We are therefore fortunate that a second option exists and is massively more healthy. When you are faced with the need for change you can embrace it and try and turn it into a positive. We can try and rebuild neglected communities around the concept of a Green New Deal. We can turn away from the empty lifestyles of competition and consumption that have so hollowed out the souls of people like Donald Trump and we can focus instead on building more secure societies. If we are losing jobs to technology and to foreign competition we can create jobs in health and in care and in new forms of technology. We can invest in a better way of doing things that doesn’t depend on fossil fuels and which can genuinely be sustained. And I mean sustained not just ecologically. I mean can be sustained in terms of the personal pressure that we put people under to compete and succeed and consume at the cost of medicating over a tenth of the population at any one time.

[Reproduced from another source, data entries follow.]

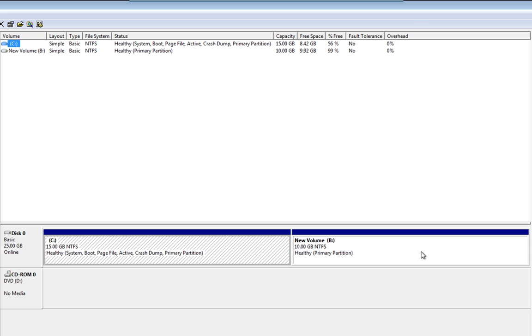Now, if you've got anything on B and you want to extend C, basically from within Windows the only option is to delete this volume and everything on it. So if you have to do this, back your data up before you start deleting partitions.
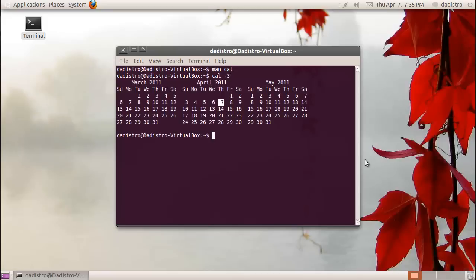Now let's try it, cal space dash three, and there you have it, March, April, and May. Say I want to use more than one command on a single line. I can do that by putting a semicolon after each command.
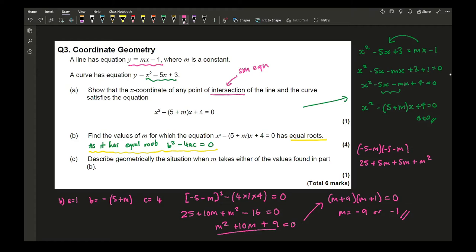The next part asks to describe geometrically the situation where m takes either of these values. Equal roots means the line intersects the curve at exactly one point, so the line is a tangent to the curve.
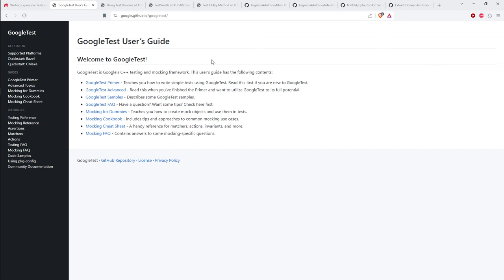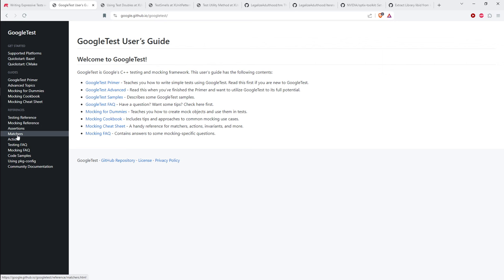The Google Test documentation has a good users guide and reference sections: the testing reference, mocking reference, assertion reference, matchers reference, actions, and so on. This documentation has incrementally gotten better over time and is pretty complete now, though some details are glossed over quickly. If you've done testing before in other frameworks or languages it will make sense, but if you're completely new to testing it might be a little difficult to grasp at first.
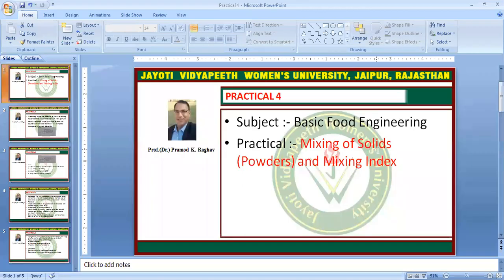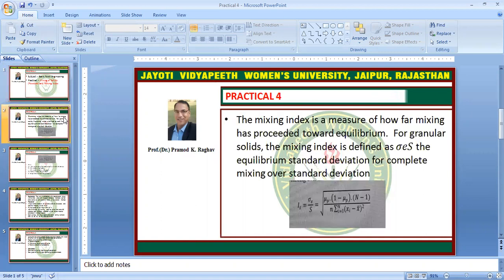Namaste. Today's topic is the practical of mixing of solids and the mixing index — that is, how to determine the mixing index. The mixing index is a measurement of how far the mixing has proceeded toward equilibrium.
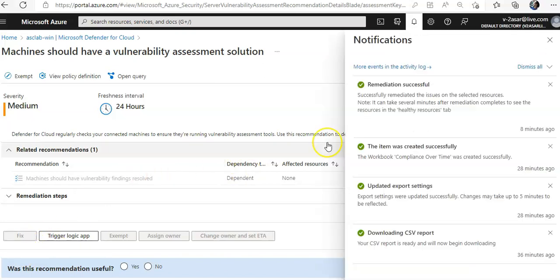Remediation is successful. And the same way you can do the vulnerability assessment for containers as well.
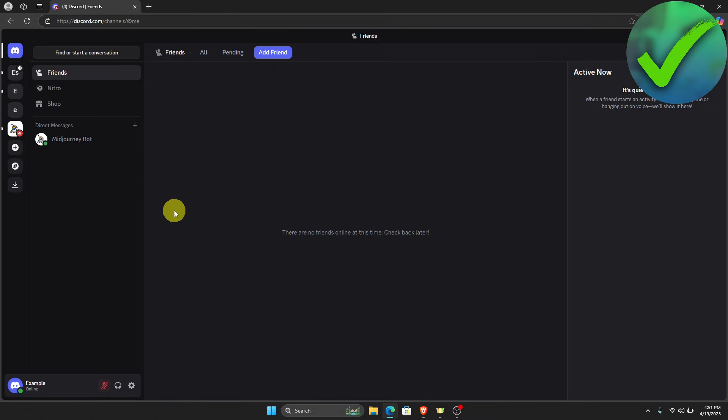How to log in with a Discord token — that is what I'm going to show you guys in this super quick and easy tutorial, so let's get into it. The first thing that we need to do is to open our Discord app.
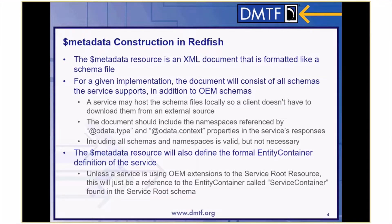The dollar metadata resource is an XML document that is formatted like a schema file. For a given implementation, the document will consist of all schemas and services it supports, in addition to OEM schemas. A service may host the schema files locally so a client doesn't have to download them from an external source. As a general guideline, the document should include the namespaces referenced by the OData.type and OData.context properties in the service's responses. Including all schemas and namespaces is valid, but it's not necessary. The dollar metadata resource will also define the formal entity container definition of the service. Unless a service is using OEM extensions to the service route resource, this will just be a reference to the entity container called service container found within the service route schema.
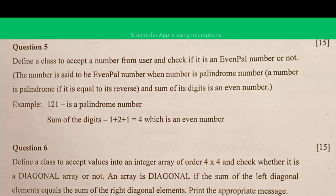Question number five: we define a class where we accept a number from the user and check whether it is an Even Pal number or not. An Even Pal number is one that is a palindrome and the sum of its digits is an even number. Let's quickly go with the solution.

We have been living through a phase of very nasty reaction which has thrown up people who have ridden to power by exploiting fears. The time now has come for the reaction to the reaction. Every time our morally corrupt leaders try and take us down a route of empty nostalgia for a non-existent past we need to adopt the simplest strategy that has ever existed. Tell people the truth.
There is a lot of hope for a better society. But it has to be a different society. We can follow the liars and the cheats into a world of increasing bitterness and division. Or we can try working together and adopting different values. Ones of collaboration and forward thinking.
Freedom, equality and community are the things that express humanity at its best. The sad empty souls of the politicians of the reaction should be a warning to us all. And the way to beat them is to offer the exact opposite. The politics of optimism needs to defeat the politics of corrupt selfishness.